The Bottle Tree
Grandpa stuck bottles
on broken branches for luck,
said bottles scared haints
because an empty vessel
could trap one forever inside.
One cold day, Uncle Eudale shot
all the bottles from the tree.
They broke in pops
and a rain of colored glass.
Grandpa yelled and cussed.
Eudale froze that winter, his face
black ice and tongue swollen
like a plug. Granpa said
the haints got 'Dale, and it wouldn't
be long before they got us too.
I laughed at him. "There aint
nothing in them bottles but air."
Grandpa shook his head,
hung new bottles, then prayed
at them with ancient rhymes.
Sometimes I'd wake early
to watch him. When he knelt
the tree seemed to glow, lightly,
like the butt-end of a night bug
or the moon through a church window.
***
Brothers
When Joplin smiled, birds fell dead.
He took Daddy's rifle as always.
This time, we saw a man on a horse
walking slow through the woods.
"Watch this," Joplin said.
One shot.
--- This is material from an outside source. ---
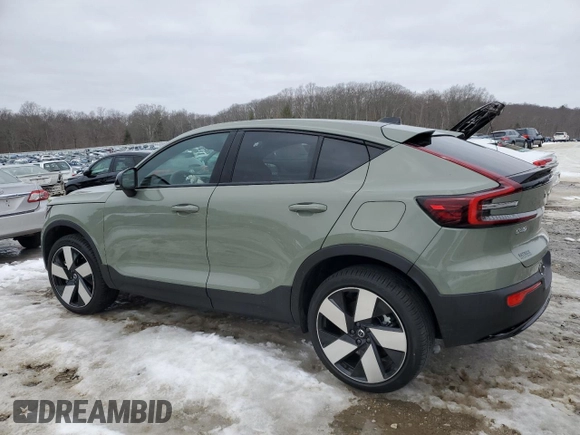 2024 Volvo C40 with VIN YV4ER3GM9R2104619, listed as a Copart auction lot 45505295 with Not Provided miles and Salvage Title. Bid and sale history available at DreamBid. Image 2.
The man went stiff,
pitched back and fell.
Joplin shouted at his bullseye.
The horse reared once and ran.
The man was alive, his jaw
working to catch air like a catfish.
The hole in his neck bubbled.
He held crumpled flowers in his fist.
Joplin swung Daddy's rifle
till nothing in the man moved,
till there was calm and a nice breeze.
Joplin's eyes were falling stars
leaving trails as he turned away.
We went through the pockets:
Two dollars, a watch, and a picture
of some woman leaning on a birdbath.
We kissed the picture, then burned it,
swearing that woman was ours.
I whistled a lick of 'Skip To My Lou.'
Joplin laughed, kicking the man's legs
until I pushed him away.
He slapped me to my knees and spat.
We pulled the man into a wet ditch,
covered most of him with branches.
Joplin made me scoop mud for the rest.
I finished as the moon yawned
high up on its string in the dark.
Joplin cursed and howled, fired at it,
angry its light couldn't be rifled out.
I squeezed a rock and waited,
his smile burning the back of my neck.